Our Generous Lord - Wild Garlic and the Life of the Church
The Rectory garden has come to life over the last month - with copious amounts of wild garlic springing up more quickly than I can kill it off with weed killer. There is something wonderfully Paschal about my unsuccessful endeavours to contain the plant life in my garden. Just as the greenery that springs up around me neither relies on me in order to grow, nor can be stopped by me, so it is with the Life of Easter that flows from Christ to his church.
The life of the Lord Jesus, which is made real within us by the presence of his Spirit, doesn't come from our hard work - and neither can it be stopped by our shortcomings and failures.
That the Lord gives life to his people, and that he grows his Church is, in a sense, inevitable. It is unstoppable. We rejoice that just as we cannot make it happen ourselves, the Lord entrusts to each one of us a part to play as he himself calls the world into new life.
The life doesn't, of course, come from no-where. Very strangely, Jesus tells us it comes from his death. To stick with the gardening metaphor, our Lord said "Truly, truly, I say to you, unless a grain of wheat falls into the earth and dies, it remains alone; but if it dies, it bears much fruit." (John 12:24) Holy Week reminds us of Jesus' own 'falling into the earth' - and Easter Day marks the beginning of the first fruits. Jesus first, then the apostles, now us.
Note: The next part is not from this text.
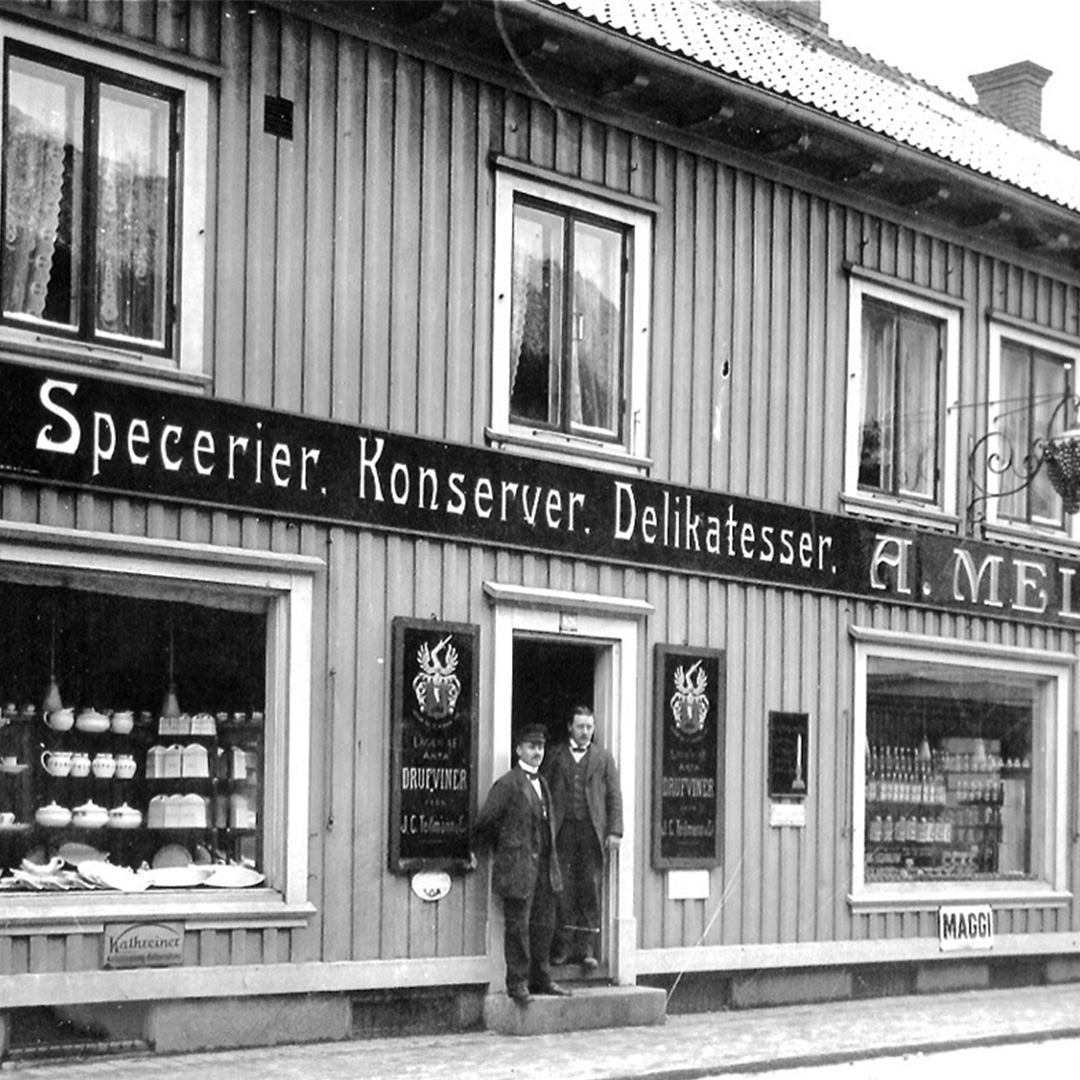 Kungsgatan historisk bild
Jesus gives up his own mortal life, in order that we might share in his eternal life.
Or as the Apostle Paul put it: "For you know the grace of our Lord Jesus Christ, that though he was rich, yet for your sake he became poor, so that you through his poverty might become rich." 2 Cor 8:9
This is an exchange of sorts - where Jesus takes our poverty to the cross; and in exchange seats our humanity in heavenly places.
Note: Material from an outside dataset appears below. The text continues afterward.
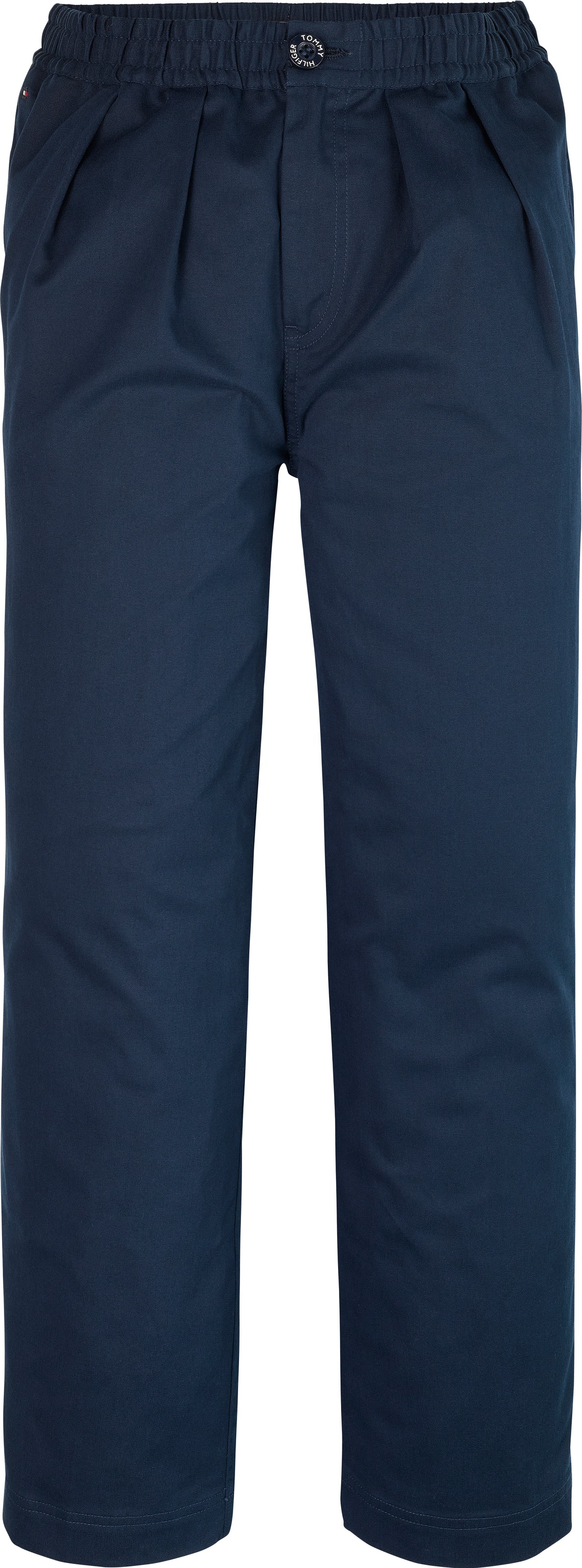 Tommy Hilfiger Bundfaltenhose »PLEATED STRAIGHT LEG PANT«, für Kinder bis 16 Jahre, mit Bundfalten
The Lord Jesus is generous with us. The generosity of Jesus is not primarily about our material needs, although God certainly does provide for us as he does the lilies and the sparrows.
Jesus' generosity is about giving us much more than we could image.
This week, let me encourage you: be moved by Christ's generosity. Come to church each day, and hear the story of his suffering, and of his love. Discover again, if not for the first time, the power of his resurrection. Follow him to the cross where he spends himself for us - and through the cross to the empty tomb from whence all our life now springs.